Chapter 53

Jacob Steel, she thought, was perhaps a talented minister. He was not so talented as a doctor.

"Here—I'll tie that," she told him.

Steel looked up from the dressing he had attempted twice to secure, his gray hair falling across his forehead, his glasses smudged on the lenses. He smiled.

"You've realized I'm a klutz, Mrs. Rourke. The only reason I learned anything about medicine in the first place was because when I was drafted, I was a conscientious objector. Had to find something to do with me—I couldn't type. I was starting to worry about you. Most people who've worked as my nurse have discovered my ineptitudes far sooner."

She felt herself smile as she secured the dressing. "I was just too polite, I guess, Reverend."

"Hmm—but I see you can do that quite well. Your husband's a doctor, is he?"

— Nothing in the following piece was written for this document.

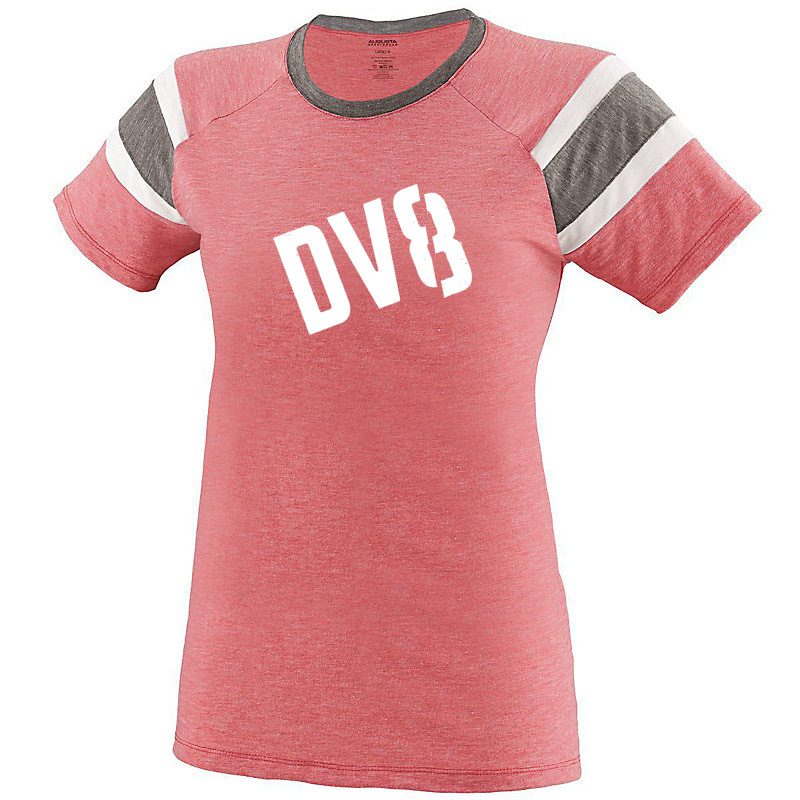 DV8 Women's Wreckless Red Coolwick Bowling T-Shirt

She looked up, but Steel hadn't waited for an answer. He had already moved to the next patient. She arranged the covers of the man on the ground by her feet, then stood, following Steel.

"Yes," she answered belatedly.

"Yes, what?"

"He's a doctor," she said.

Steel looked away, then back to the patient. The woman's burns were not healing.

"Are those sheets sterile?"

Steel looked up at her.

She smiled. "That was a silly question, wasn't it?"

"Yes, Mrs. Rourke—it was a silly question. Nothing here is sterile. Except me—I caught the mumps from my daughter five years ago," and he laughed.

"How old is she—" She caught herself.

"Now? She's dead. My wife's dead. My two sons are dead. Our house is gone—wasn't really our house. Belonged to the church. Church is gone, too. I was away.

Chattanooga was neutron bombed."

"I know," she answered quietly.

"Realize how many fires start in a given day—just your regular ordinary fires? I don't know how many myself, but I bet plenty. Fire started in the garage of the house across the street from the church—don't know why, but it looked like it started there. Spread across the street somehow—must've been the wind. Burned the church, the house. My wife and the children—woulda been dead by then anyway."

"I'm—"

"You're sorry," he interrupted. "I know you are. Pretty soon we're gonna run out of enough sorry to go around."

Reverend Steel pulled the blanket up over the woman's face. "So much for sterile sheets, huh?"

Sarah Rourke pulled the blanket down, closing the eyelids with her thumbs.